- What this task involves -
Exact reproduction required: the lines below from the line with "Miniatura 5 de" to the line with "Women Headband Turban", both ends included, and no others.

- Dataset excerpts -
··········

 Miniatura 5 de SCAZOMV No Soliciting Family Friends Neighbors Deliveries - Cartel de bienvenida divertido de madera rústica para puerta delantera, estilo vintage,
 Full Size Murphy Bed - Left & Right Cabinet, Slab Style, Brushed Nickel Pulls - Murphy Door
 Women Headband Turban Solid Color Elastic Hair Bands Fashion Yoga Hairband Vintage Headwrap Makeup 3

··········

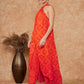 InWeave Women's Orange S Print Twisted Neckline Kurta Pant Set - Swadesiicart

··········

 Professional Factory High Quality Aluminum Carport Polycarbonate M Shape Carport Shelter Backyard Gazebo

··········

- Solved exercise -
 Miniatura 5 de SCAZOMV No Soliciting Family Friends Neighbors Deliveries - Cartel de bienvenida divertido de madera rústica para puerta delantera, estilo vintage,
 Full Size Murphy Bed - Left & Right Cabinet, Slab Style, Brushed Nickel Pulls - Murphy Door
 Women Headband Turban Solid Color Elastic Hair Bands Fashion Yoga Hairband Vintage Headwrap Makeup 3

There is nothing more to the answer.